Van een patiënt die mogelijk baat heeft bij protonentherapie zal op basis van het landelijk protocol in multidisciplinair overleg moeten worden bepaald of hij/zij in aanmerking komt voor een planningsvergelijking. Daarbij wordt in het centrum ‘thuis’ een standaard bestralingsplan gemaakt. Op basis van dezelfde gegevens maakt het HollandPTC een protonenplan. Als daaruit blijkt dat protonen een vooraf bepaald percentage kans op minder bijwerkingen hebben, is protonentherapie geïndiceerd. Dit percentage is lager naarmate de te verwachten bijwerkingen ernstiger zijn. Dat impliceert dat fotonentherapie de norm is, tenzij de vergelijking anders uitwijst.
“Vervolgens”, schetst Van Vulpen, “komt de patiënt naar het HollandPTC om de locatie van de tumor te bepalen, maar nu op submillimeterniveau. Daarvoor maken we een MRI en een gecombineerde PET-CT-scan. Als ook mogelijke bewegingen van de tumor en de precieze locatie van de omringende organen bekend zijn, wordt een eerste computerplan gemaakt. Het resultaat daarvan wordt beoordeeld door artsen in de andere centra tijdens een wekelijkse videoconferentie. De volgende stap is dat computerplanners op basis van de data bepalen vanuit welke hoek en met welke energie bestraald gaat worden. Als de videoconferentie van specialisten daarmee akkoord gaat, kan er bestraald worden. De eerste behandeling is dan binnen zes dagen. Patiënten komen dus alleen in Delft voor de tweede ronde beeldvorming en de bestralingen.“
De meeste kankerpatiënten die met protonen worden behandeld zullen betrekkelijk jong zijn, omdat de techniek bij uitstek geschikt is om langetermijnbijwerkingen tegen te gaan. Kinderen zijn dan ook een belangrijke doelgroep, maar ook bijvoorbeeld dertigers. Om die reden is het HollandPTC op werkdagen tot elf uur ’s avonds open, juist om patiënten die ondanks hun tumor nog werken te kunnen bedienen. “Als werkplaats kunnen we die flexibiliteit bieden”, zegt Van Vulpen.
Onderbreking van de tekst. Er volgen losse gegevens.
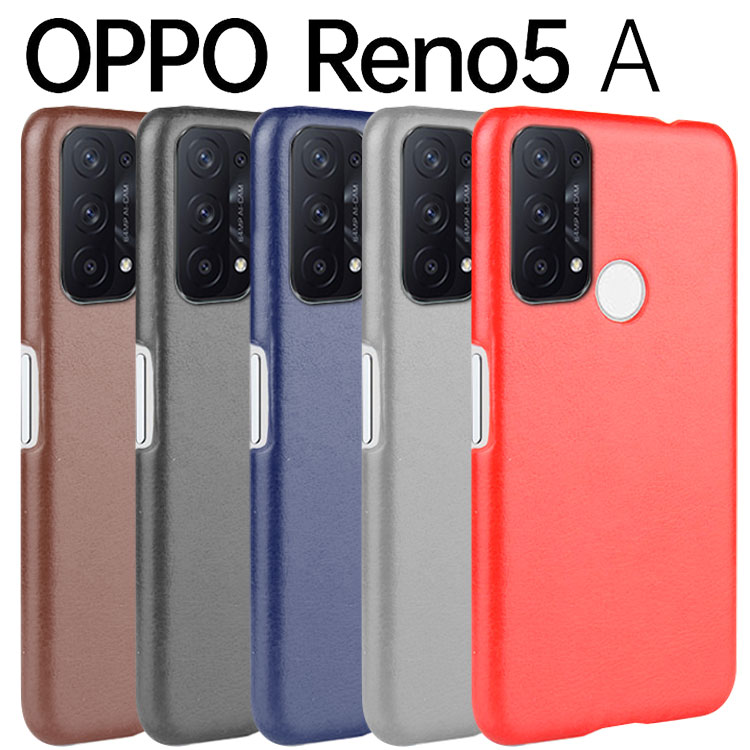 Amazon.co.jp: FOR OPPO Reno 5 Aスマートフォンケース耐衝撃TPU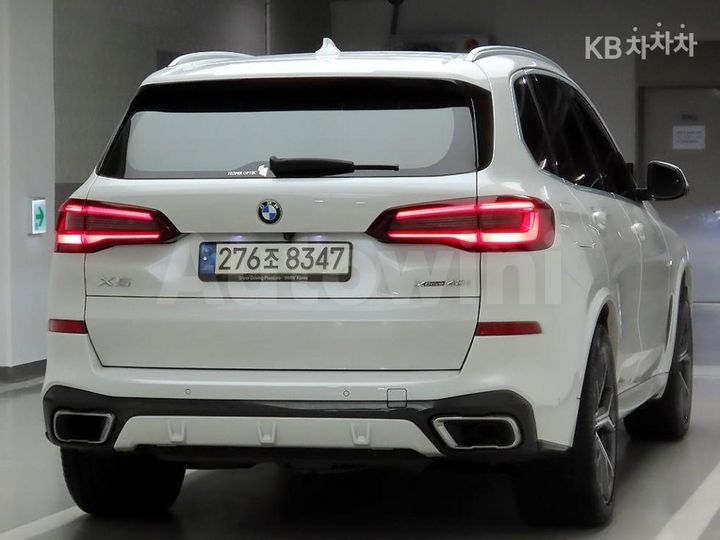 BMW X5 2021 — 4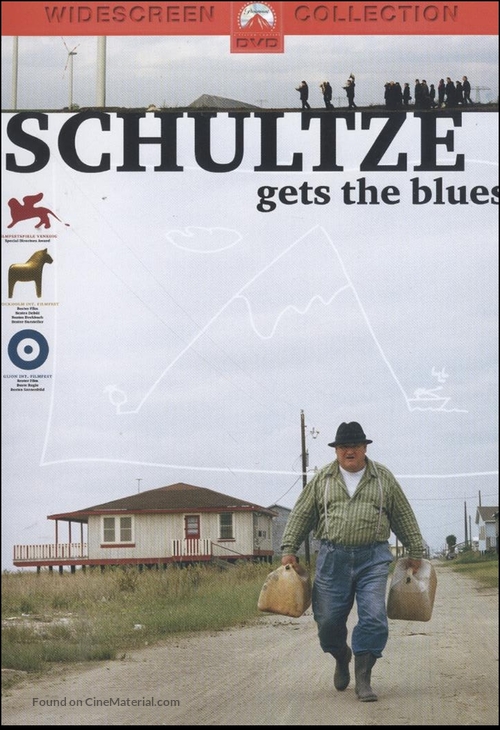Schultze Gets the Blues - poster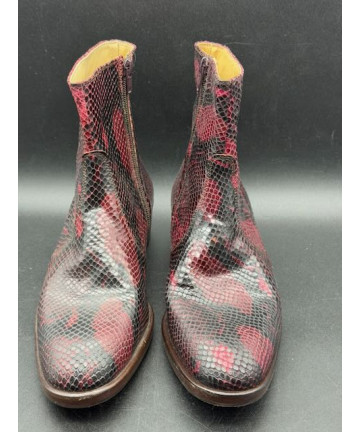 Stivaletto in pelle...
Behalve een werkplaats voor zorg is HollandPTC ook een werkplaats voor onderzoek. Van Vulpen: “We verzamelen patiëntendata in cohorten, we hebben een fysica-, chemie- en biologielaboratorium, inclusief een dierenlaboratorium. We hebben een grote onderzoeksbunker waarin we allerlei experimenten kunnen uitvoeren. Hiervoor geldt hetzelfde als voor de artsen: onderzoekers van buitenaf kunnen hier een deel van hun onderzoek komen doen. In totaal hopen we zestien principal investigators en vijftig tot zestig promovendi te kunnen aantrekken. Daarnaast hebben we casemanagers om de patiënten te begeleiden.”
Een van de leuke dingen van de samenwerking met de TU Delft vindt Van Vulpen dat ze daar een faculteit Industrial Design hebben. “Die bekijken voor ons of er slimme routes voor patiënten door het instituut te bedenken zijn. Klassiek is dat de agenda van de arts leidend is. Daardoor moeten patiënten van het ene apparaat naar een ander ‘reizen’. Vaak is die route niet logisch en zij onderzoeken voor ons hoe dat beter kan.”